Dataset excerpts
=== Section Start ===

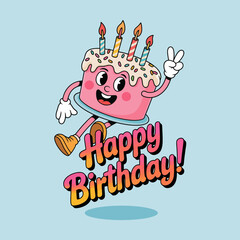 Happy Birthday Cake with Four Candles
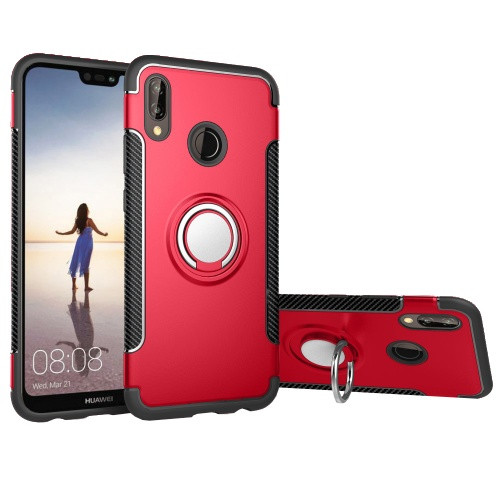 Huawei P20 Lite, Műanyag hátlap védőtok, szilikon keret, telefontartó gyűrű, karbon minta, piros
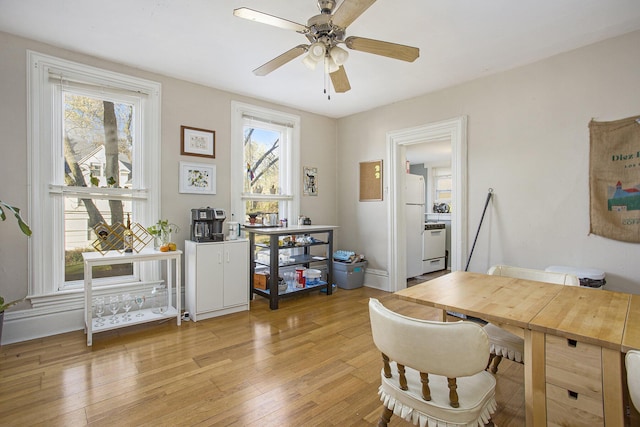 home office featuring ceiling fan and light hardwood / wood-style floors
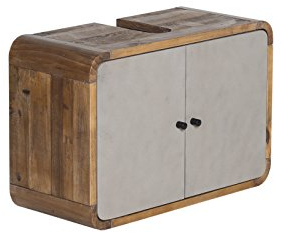Woodkings® Waschbeckenunterschrank Dingle Holz Pinie rustikal und MDF Betonoptik grau Badezimmermöbel Unterschrank Badschrank Badmöbel hängend für kleines Bad
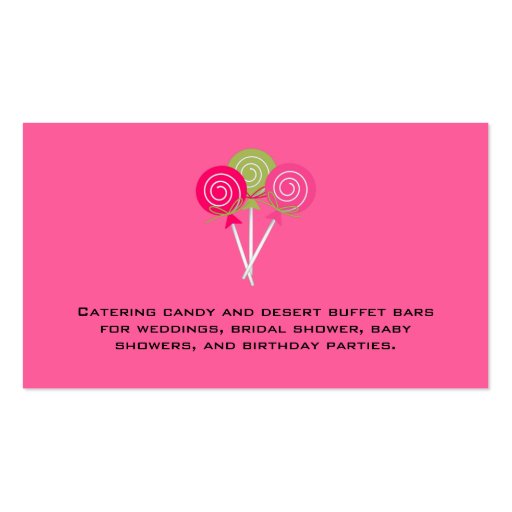 Pretty Candy and Desert Catering Business Card (back side)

=== Section End ===

* _Exercise description_:
Within the entries above, give again exactly the lines starting at the one that contains "Huawei P20 Lite, Műanyag" and ending at the one that contains "home office featuring", leaving out the pictures.

* _Answer box_:
 Huawei P20 Lite, Műanyag hátlap védőtok, szilikon keret, telefontartó gyűrű, karbon minta, piros
 home office featuring ceiling fan and light hardwood / wood-style floors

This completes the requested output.